14/11/2015  Sullo sfondo degli attacchi terroristici rivendicati dall'Isis il mai risolto problema delle banlieues, con frange giovanili allo sbando e tentate dalle sirene dell’Islam violento e un modello di società che non aiuta l'integrazione

Da Parigi. «Fluctuat nec mergitur», hanno scritto sui muri di Place de la République dopo i massacri del Bataclan e del Boulevard Voltaire. «È sballottata, ma non affonda» : il vecchio motto della città – che i parigini ripetono ora come un mantra – suona però troppo ottimistico. Perché, se non affondata, Parigi questa volta è stata colpita al cuore, con attentati di una gravità senza precedenti. Come senza precedenti, negli ultimi cinquant’anni, è lo stato di emergenza decretato in tutto il Paese dal presidente Hollande. «Siamo in guerra», si ripete nei palazzi della politica.

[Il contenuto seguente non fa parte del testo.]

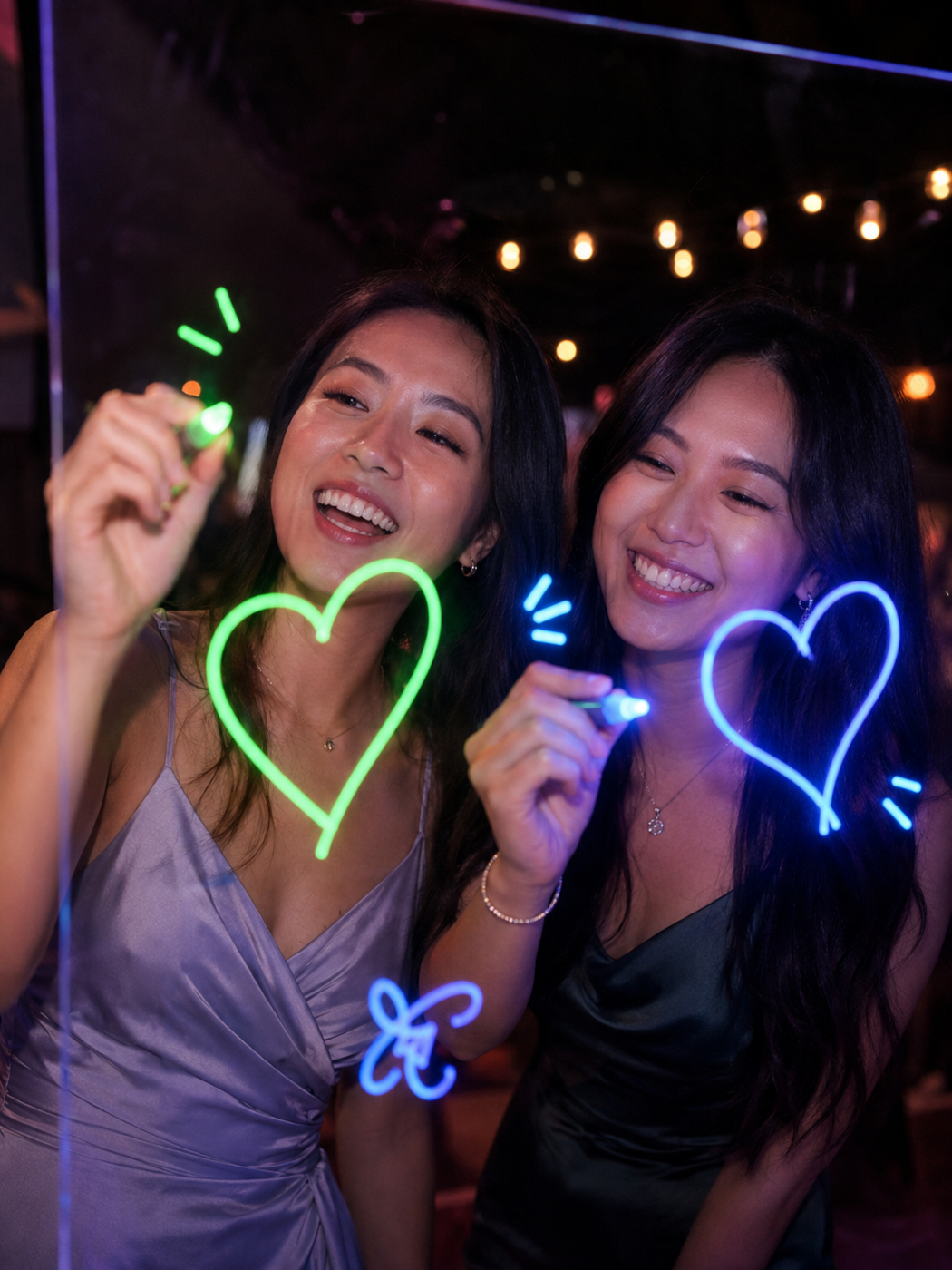 Friends drawing glowing neon hearts on the scribble booth glass at a party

Una guerra che Daech ha dichiarato non solo allo stato francese (e all’Europa), ma ai francesi inermi, ai cittadini che un venerdì sera si divertono allo stadio, in pizzeria o in una sala da concerti. Non ci sono luoghi simbolici questa volta tra i bersagli colpiti dai terroristi. Non ci sono personalità pubbliche. L’intento è di seminare terrore indiscriminato, tra cittadini «normali»: un salto di qualità, un passo in più nell’inferno della barbarie. E un messaggio sinistro ai dirigenti del mondo occidentale a non intromettersi nella faccende siriane, a non ostacolare l’avanzata dell’Esercito Islamico nel Medio Oriente in fiamme. Sullo sfondo, il mai risolto problema delle banlieues, con frange giovanili allo sbando e tentate dalle sirene dell’Islam violento, tra orgoglio identitario e odio per un modello di società che non facilita più l’integrazione di chi proviene da altre culture. Perché questo è il bacino in cui pesca Daech. Ed è questa nebulosa vasta a imprevedibile a fare oggi paura. E a fornire un solido alibi al rigetto dell’Islam e dei musulmani. Il Front National e i propagandisti dell’apocalisse soffiano sul fuoco di questa paura per miseri tornaconti elettorali. Ma non è una guerra di civiltà. E men che mai guerra di poveri. È la guerra di barbari e di mercenari che godono di mezzi, coperture, complicità da parte di regimi «rispettabili» e con i quali l’Occidente dovrà prima o poi confrontarsi se, come diceva il generale de Gaulle, vorrà capire qualcosa del complicato Oriente. E sfuggire così alla spirale dell’odio. E del terrore.